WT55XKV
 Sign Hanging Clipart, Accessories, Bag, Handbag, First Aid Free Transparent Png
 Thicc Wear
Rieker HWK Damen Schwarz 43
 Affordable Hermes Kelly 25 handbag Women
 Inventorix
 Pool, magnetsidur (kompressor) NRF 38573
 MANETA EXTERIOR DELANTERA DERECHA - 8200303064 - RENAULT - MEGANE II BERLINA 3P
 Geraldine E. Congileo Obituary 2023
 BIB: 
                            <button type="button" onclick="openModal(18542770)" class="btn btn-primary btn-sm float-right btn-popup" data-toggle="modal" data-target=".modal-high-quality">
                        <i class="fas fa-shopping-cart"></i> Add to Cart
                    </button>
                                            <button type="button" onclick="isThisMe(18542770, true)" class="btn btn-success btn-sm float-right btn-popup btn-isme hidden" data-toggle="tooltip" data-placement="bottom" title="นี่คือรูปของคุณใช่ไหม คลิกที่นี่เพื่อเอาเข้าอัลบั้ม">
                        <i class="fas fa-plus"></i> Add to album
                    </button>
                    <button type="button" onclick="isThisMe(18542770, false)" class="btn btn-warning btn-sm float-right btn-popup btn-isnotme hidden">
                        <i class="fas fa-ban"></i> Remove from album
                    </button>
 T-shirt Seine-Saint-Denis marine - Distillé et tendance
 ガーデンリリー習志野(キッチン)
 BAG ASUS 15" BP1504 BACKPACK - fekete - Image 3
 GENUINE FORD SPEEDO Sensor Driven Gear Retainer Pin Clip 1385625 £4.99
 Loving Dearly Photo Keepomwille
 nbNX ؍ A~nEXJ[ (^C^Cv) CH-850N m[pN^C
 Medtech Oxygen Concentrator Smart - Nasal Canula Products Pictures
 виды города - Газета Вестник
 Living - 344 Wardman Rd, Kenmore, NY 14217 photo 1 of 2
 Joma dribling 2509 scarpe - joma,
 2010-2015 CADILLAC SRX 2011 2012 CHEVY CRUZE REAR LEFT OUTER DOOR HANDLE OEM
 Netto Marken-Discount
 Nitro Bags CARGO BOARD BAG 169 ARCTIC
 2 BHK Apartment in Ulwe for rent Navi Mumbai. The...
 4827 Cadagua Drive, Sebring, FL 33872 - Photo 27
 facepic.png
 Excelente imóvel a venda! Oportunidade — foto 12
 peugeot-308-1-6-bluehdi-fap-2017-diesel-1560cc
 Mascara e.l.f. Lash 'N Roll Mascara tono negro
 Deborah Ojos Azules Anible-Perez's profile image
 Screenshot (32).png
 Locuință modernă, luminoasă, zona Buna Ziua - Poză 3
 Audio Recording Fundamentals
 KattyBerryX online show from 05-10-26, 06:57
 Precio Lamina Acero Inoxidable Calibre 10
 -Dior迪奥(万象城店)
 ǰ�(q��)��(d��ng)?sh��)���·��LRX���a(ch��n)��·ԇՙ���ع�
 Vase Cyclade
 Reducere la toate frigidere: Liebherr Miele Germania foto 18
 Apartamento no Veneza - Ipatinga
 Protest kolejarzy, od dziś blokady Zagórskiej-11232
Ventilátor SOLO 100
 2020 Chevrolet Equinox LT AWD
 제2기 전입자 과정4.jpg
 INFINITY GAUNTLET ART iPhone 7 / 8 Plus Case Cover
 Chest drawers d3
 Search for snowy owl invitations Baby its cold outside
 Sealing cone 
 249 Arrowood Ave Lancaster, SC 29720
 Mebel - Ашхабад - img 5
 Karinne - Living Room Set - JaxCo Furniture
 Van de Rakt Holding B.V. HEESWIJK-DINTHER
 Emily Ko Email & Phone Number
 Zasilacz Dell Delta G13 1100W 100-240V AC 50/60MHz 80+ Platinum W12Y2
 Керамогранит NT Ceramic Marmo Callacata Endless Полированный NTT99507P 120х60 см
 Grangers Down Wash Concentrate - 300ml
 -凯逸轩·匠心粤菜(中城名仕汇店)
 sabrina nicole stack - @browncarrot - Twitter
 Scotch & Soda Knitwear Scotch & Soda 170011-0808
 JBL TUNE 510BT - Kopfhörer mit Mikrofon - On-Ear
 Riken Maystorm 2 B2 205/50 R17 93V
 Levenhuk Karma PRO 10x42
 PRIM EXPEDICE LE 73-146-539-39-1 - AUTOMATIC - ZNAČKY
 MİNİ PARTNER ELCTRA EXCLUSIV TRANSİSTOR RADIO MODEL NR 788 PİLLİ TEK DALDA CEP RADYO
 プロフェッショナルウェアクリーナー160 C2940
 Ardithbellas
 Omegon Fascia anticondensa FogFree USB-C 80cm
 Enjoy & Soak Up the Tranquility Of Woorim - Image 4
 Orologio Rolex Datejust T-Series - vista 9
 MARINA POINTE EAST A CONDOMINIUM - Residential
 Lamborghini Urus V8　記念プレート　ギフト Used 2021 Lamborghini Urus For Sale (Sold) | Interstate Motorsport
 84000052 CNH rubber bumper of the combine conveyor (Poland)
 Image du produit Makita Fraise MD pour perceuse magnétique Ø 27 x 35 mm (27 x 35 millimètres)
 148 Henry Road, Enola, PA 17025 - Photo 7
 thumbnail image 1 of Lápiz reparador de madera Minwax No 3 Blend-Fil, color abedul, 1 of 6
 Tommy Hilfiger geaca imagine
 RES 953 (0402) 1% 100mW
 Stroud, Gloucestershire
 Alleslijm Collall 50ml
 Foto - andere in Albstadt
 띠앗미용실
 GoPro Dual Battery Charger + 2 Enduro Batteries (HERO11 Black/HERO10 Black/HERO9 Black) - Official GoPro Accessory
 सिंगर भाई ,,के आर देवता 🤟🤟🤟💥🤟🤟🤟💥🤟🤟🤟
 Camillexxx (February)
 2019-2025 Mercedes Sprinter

> **Work order**
Return every line of the data unchanged.

> **Answer section**
WT55XKV
 Sign Hanging Clipart, Accessories, Bag, Handbag, First Aid Free Transparent Png
 Thicc Wear
Rieker HWK Damen Schwarz 43
 Affordable Hermes Kelly 25 handbag Women
 Inventorix
 Pool, magnetsidur (kompressor) NRF 38573
 MANETA EXTERIOR DELANTERA DERECHA - 8200303064 - RENAULT - MEGANE II BERLINA 3P
 Geraldine E. Congileo Obituary 2023
 BIB: 
                            <button type="button" onclick="openModal(18542770)" class="btn btn-primary btn-sm float-right btn-popup" data-toggle="modal" data-target=".modal-high-quality">
                        <i class="fas fa-shopping-cart"></i> Add to Cart
                    </button>
                                            <button type="button" onclick="isThisMe(18542770, true)" class="btn btn-success btn-sm float-right btn-popup btn-isme hidden" data-toggle="tooltip" data-placement="bottom" title="นี่คือรูปของคุณใช่ไหม คลิกที่นี่เพื่อเอาเข้าอัลบั้ม">
                        <i class="fas fa-plus"></i> Add to album
                    </button>
                    <button type="button" onclick="isThisMe(18542770, false)" class="btn btn-warning btn-sm float-right btn-popup btn-isnotme hidden">
                        <i class="fas fa-ban"></i> Remove from album
                    </button>
 T-shirt Seine-Saint-Denis marine - Distillé et tendance
 ガーデンリリー習志野(キッチン)
 BAG ASUS 15" BP1504 BACKPACK - fekete - Image 3
 GENUINE FORD SPEEDO Sensor Driven Gear Retainer Pin Clip 1385625 £4.99
 Loving Dearly Photo Keepomwille
 nbNX ؍ A~nEXJ[ (^C^Cv) CH-850N m[pN^C
 Medtech Oxygen Concentrator Smart - Nasal Canula Products Pictures
 виды города - Газета Вестник
 Living - 344 Wardman Rd, Kenmore, NY 14217 photo 1 of 2
 Joma dribling 2509 scarpe - joma,
 2010-2015 CADILLAC SRX 2011 2012 CHEVY CRUZE REAR LEFT OUTER DOOR HANDLE OEM
 Netto Marken-Discount
 Nitro Bags CARGO BOARD BAG 169 ARCTIC
 2 BHK Apartment in Ulwe for rent Navi Mumbai. The...
 4827 Cadagua Drive, Sebring, FL 33872 - Photo 27
 facepic.png
 Excelente imóvel a venda! Oportunidade — foto 12
 peugeot-308-1-6-bluehdi-fap-2017-diesel-1560cc
 Mascara e.l.f. Lash 'N Roll Mascara tono negro
 Deborah Ojos Azules Anible-Perez's profile image
 Screenshot (32).png
 Locuință modernă, luminoasă, zona Buna Ziua - Poză 3
 Audio Recording Fundamentals
 KattyBerryX online show from 05-10-26, 06:57
 Precio Lamina Acero Inoxidable Calibre 10
 -Dior迪奥(万象城店)
 ǰ�(q��)��(d��ng)?sh��)���·��LRX���a(ch��n)��·ԇՙ���ع�
 Vase Cyclade
 Reducere la toate frigidere: Liebherr Miele Germania foto 18
 Apartamento no Veneza - Ipatinga
 Protest kolejarzy, od dziś blokady Zagórskiej-11232
Ventilátor SOLO 100
 2020 Chevrolet Equinox LT AWD
 제2기 전입자 과정4.jpg
 INFINITY GAUNTLET ART iPhone 7 / 8 Plus Case Cover
 Chest drawers d3
 Search for snowy owl invitations Baby its cold outside
 Sealing cone 
 249 Arrowood Ave Lancaster, SC 29720
 Mebel - Ашхабад - img 5
 Karinne - Living Room Set - JaxCo Furniture
 Van de Rakt Holding B.V. HEESWIJK-DINTHER
 Emily Ko Email & Phone Number
 Zasilacz Dell Delta G13 1100W 100-240V AC 50/60MHz 80+ Platinum W12Y2
 Керамогранит NT Ceramic Marmo Callacata Endless Полированный NTT99507P 120х60 см
 Grangers Down Wash Concentrate - 300ml
 -凯逸轩·匠心粤菜(中城名仕汇店)
 sabrina nicole stack - @browncarrot - Twitter
 Scotch & Soda Knitwear Scotch & Soda 170011-0808
 JBL TUNE 510BT - Kopfhörer mit Mikrofon - On-Ear
 Riken Maystorm 2 B2 205/50 R17 93V
 Levenhuk Karma PRO 10x42
 PRIM EXPEDICE LE 73-146-539-39-1 - AUTOMATIC - ZNAČKY
 MİNİ PARTNER ELCTRA EXCLUSIV TRANSİSTOR RADIO MODEL NR 788 PİLLİ TEK DALDA CEP RADYO
 プロフェッショナルウェアクリーナー160 C2940
 Ardithbellas
 Omegon Fascia anticondensa FogFree USB-C 80cm
 Enjoy & Soak Up the Tranquility Of Woorim - Image 4
 Orologio Rolex Datejust T-Series - vista 9
 MARINA POINTE EAST A CONDOMINIUM - Residential
 Lamborghini Urus V8　記念プレート　ギフト Used 2021 Lamborghini Urus For Sale (Sold) | Interstate Motorsport
 84000052 CNH rubber bumper of the combine conveyor (Poland)
 Image du produit Makita Fraise MD pour perceuse magnétique Ø 27 x 35 mm (27 x 35 millimètres)
 148 Henry Road, Enola, PA 17025 - Photo 7
 thumbnail image 1 of Lápiz reparador de madera Minwax No 3 Blend-Fil, color abedul, 1 of 6
 Tommy Hilfiger geaca imagine
 RES 953 (0402) 1% 100mW
 Stroud, Gloucestershire
 Alleslijm Collall 50ml
 Foto - andere in Albstadt
 띠앗미용실
 GoPro Dual Battery Charger + 2 Enduro Batteries (HERO11 Black/HERO10 Black/HERO9 Black) - Official GoPro Accessory
 सिंगर भाई ,,के आर देवता 🤟🤟🤟💥🤟🤟🤟💥🤟🤟🤟
 Camillexxx (February)
 2019-2025 Mercedes Sprinter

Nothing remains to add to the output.